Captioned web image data
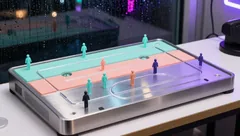 Miniatura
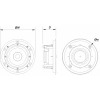 Купить DAS AUDIO DECO-5 по выгодной цене в Краснодаре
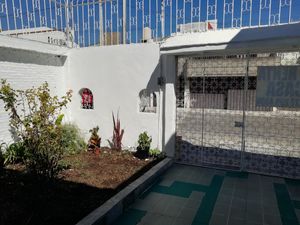 Casa en Renta en Valle Dorado Puebla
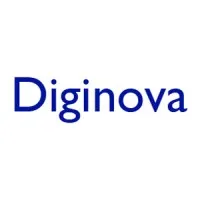 Diginova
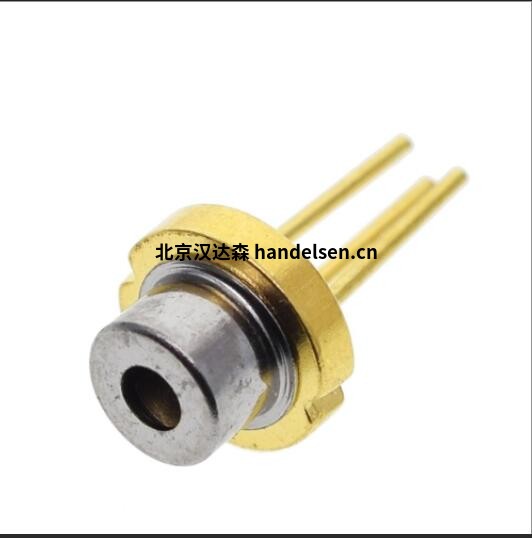 Roithner激光二極管RLT390-50CMG Roithner激光二極管RLT390-50CMG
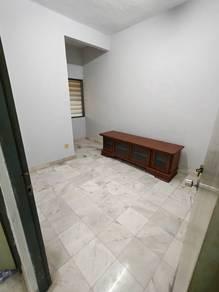 House at Taman sungai besi indah, Seri Kembangan, photo 4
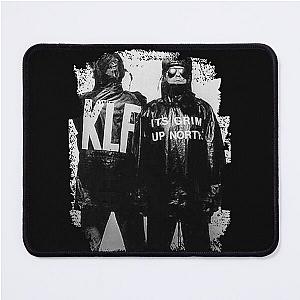 The KLF Justified Self Help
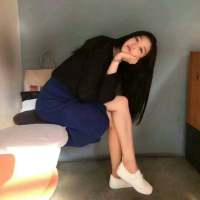 味道 让我揉揉头发 我的公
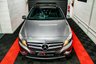 USED 2014 14 MERCEDES-BENZ A-CLASS 1.5 A180 CDI BLUEEFFICIENCY SPORT 5d 109 BHP BLUETOOTH + CRUISE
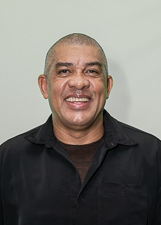 Foto de ROGERIO LUIZ ABREU SILVA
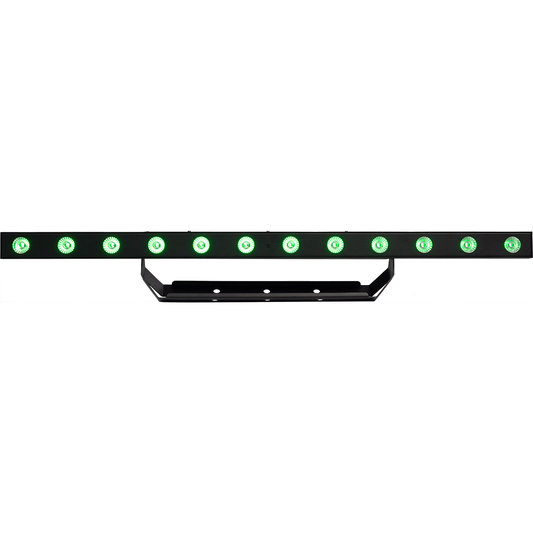 Algam Lighting Barwash 36 II RGB | LED Bar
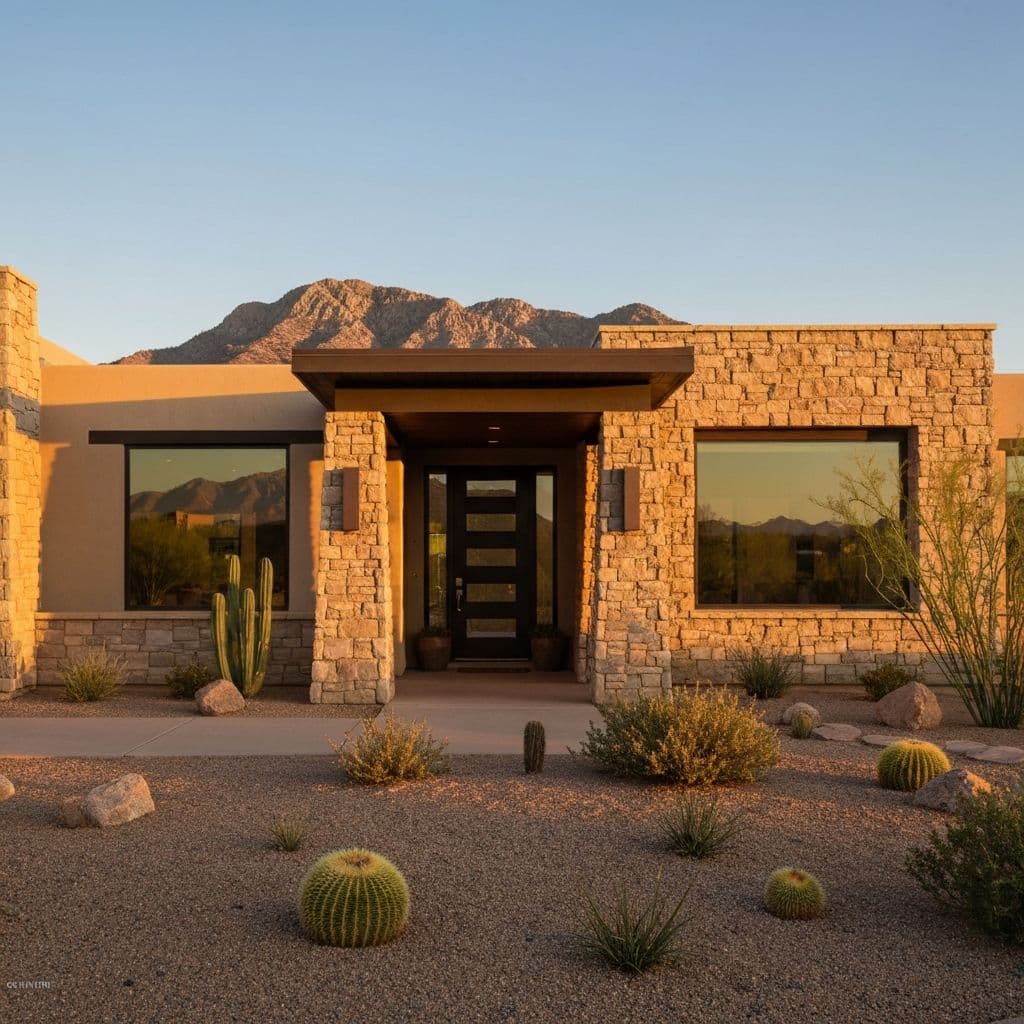 Same Price, Completely Different Life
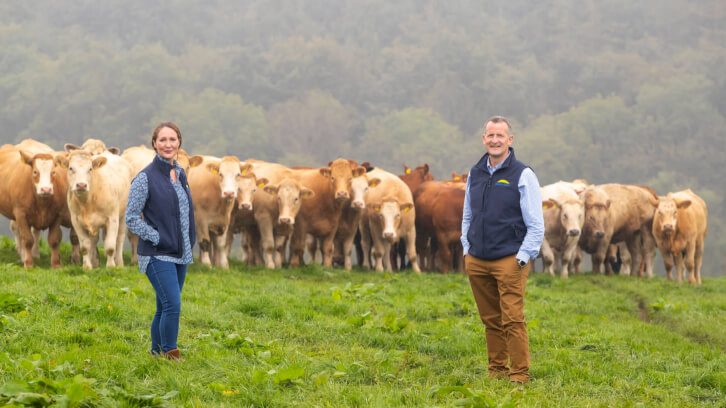 Dawn Meats reduces plastic waste by over 800 million tonnes 800 million tonnes, Dawn Meats, Environment, investment, meat, Operations, Packaging & Labelling, plastic, poultry & seafood, saves, Sustainability Food and Beverage Business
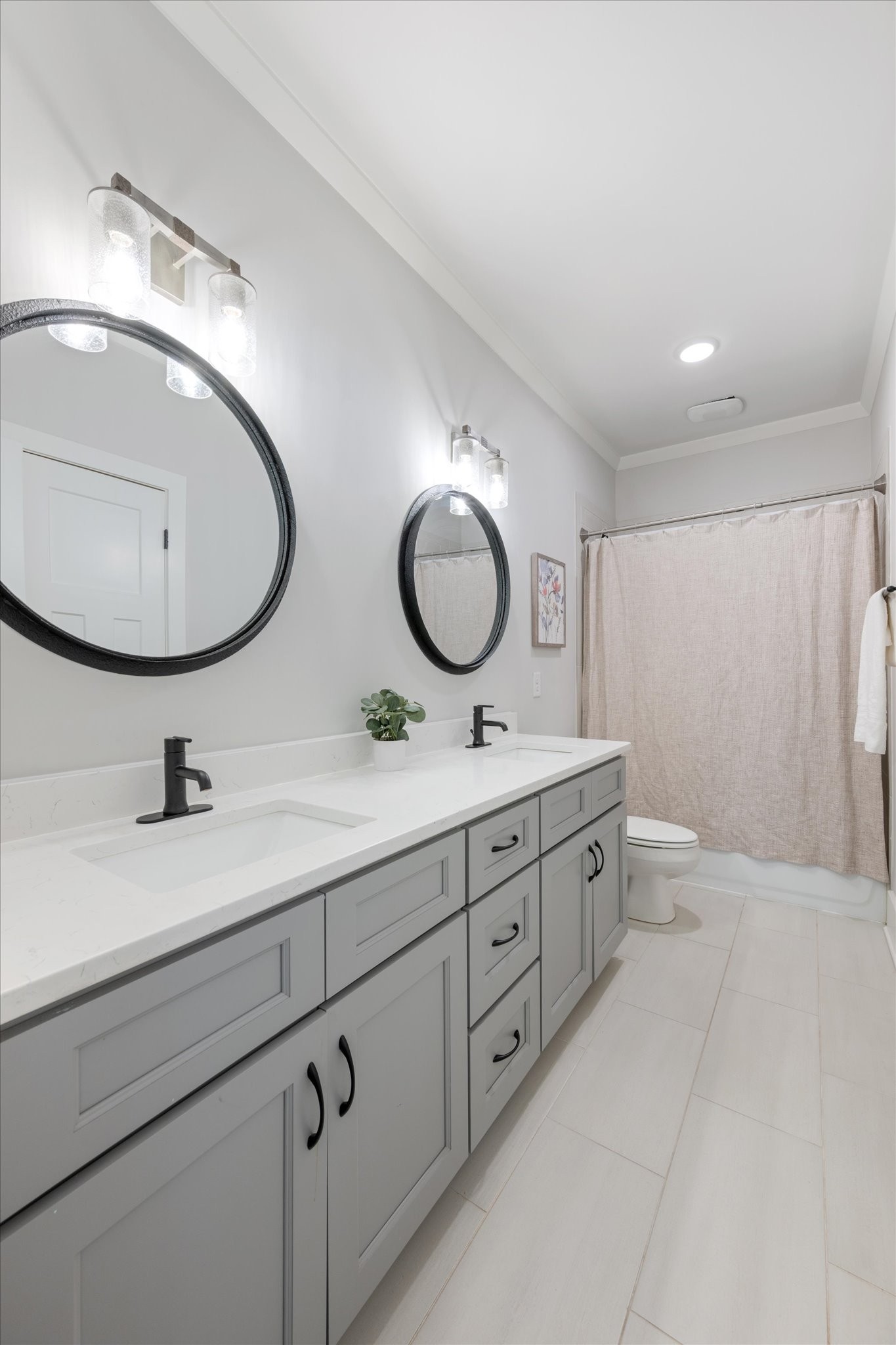 6070 Kidman Lane Spring Hill, TN 37174 - Photo 29 of 55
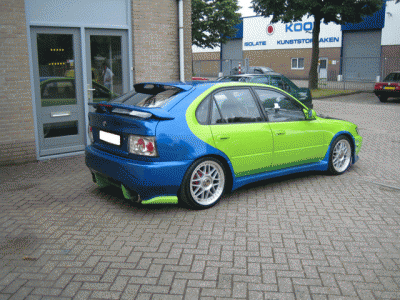 corolla3.gif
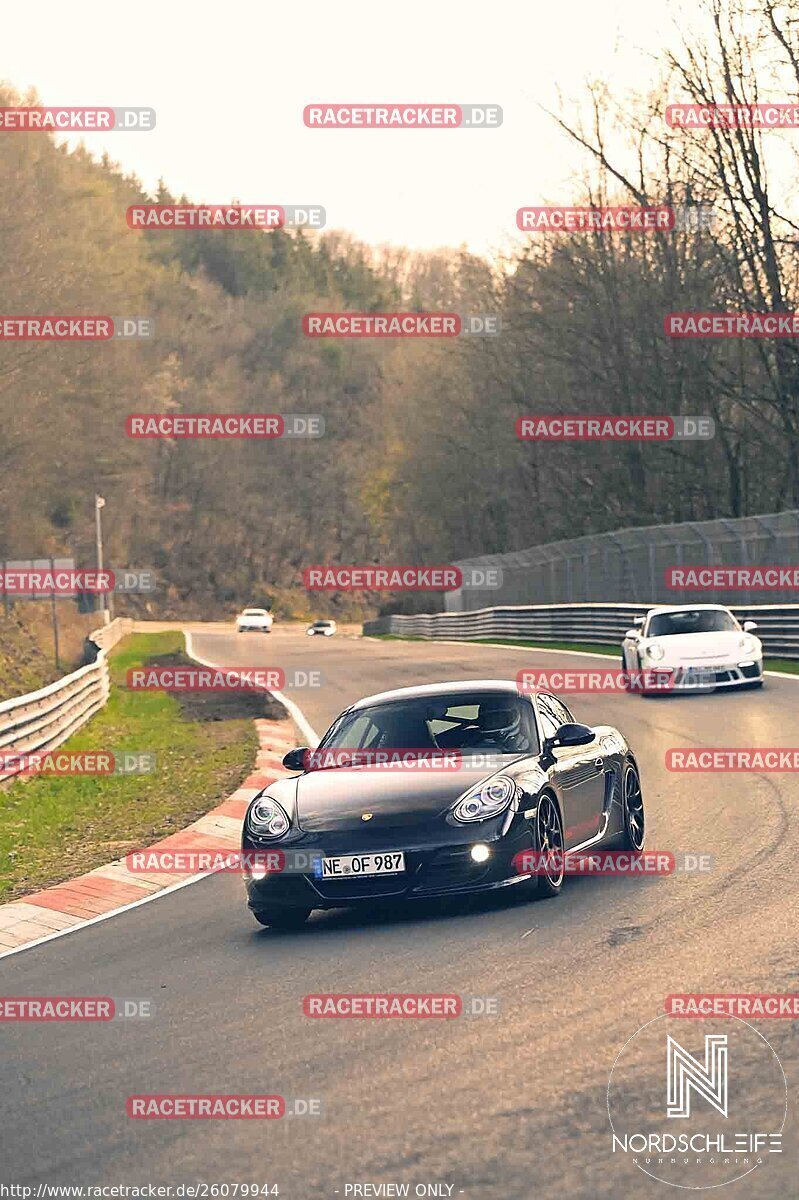 Bild #26079944 - Touristenfahrten Nürburgring Nordschleife (26.03.2024)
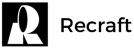 Point solutions | Recraft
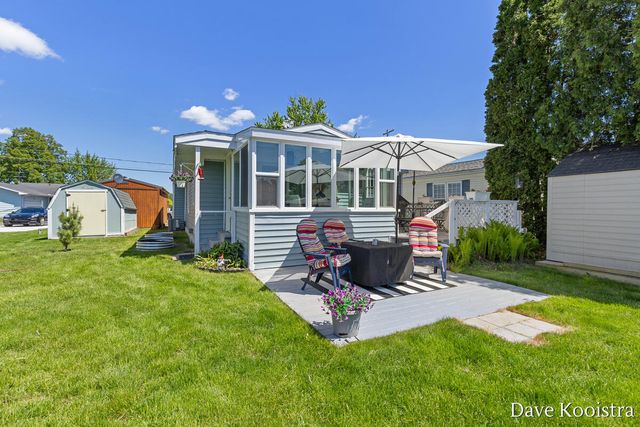 4356 Lynden Road, Barry Twp, MI 49344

YOUR GOAL:
Return the records above verbatim, images excluded.

ANSWER BOX:
 Miniatura
 Купить DAS AUDIO DECO-5 по выгодной цене в Краснодаре
 Casa en Renta en Valle Dorado Puebla
 Diginova
 Roithner激光二極管RLT390-50CMG Roithner激光二極管RLT390-50CMG
 House at Taman sungai besi indah, Seri Kembangan, photo 4
 The KLF Justified Self Help
 味道 让我揉揉头发 我的公
 USED 2014 14 MERCEDES-BENZ A-CLASS 1.5 A180 CDI BLUEEFFICIENCY SPORT 5d 109 BHP BLUETOOTH + CRUISE
 Foto de ROGERIO LUIZ ABREU SILVA
 Algam Lighting Barwash 36 II RGB | LED Bar
 Same Price, Completely Different Life
 Dawn Meats reduces plastic waste by over 800 million tonnes 800 million tonnes, Dawn Meats, Environment, investment, meat, Operations, Packaging & Labelling, plastic, poultry & seafood, saves, Sustainability Food and Beverage Business
 6070 Kidman Lane Spring Hill, TN 37174 - Photo 29 of 55
 corolla3.gif
 Bild #26079944 - Touristenfahrten Nürburgring Nordschleife (26.03.2024)
 Point solutions | Recraft
 4356 Lynden Road, Barry Twp, MI 49344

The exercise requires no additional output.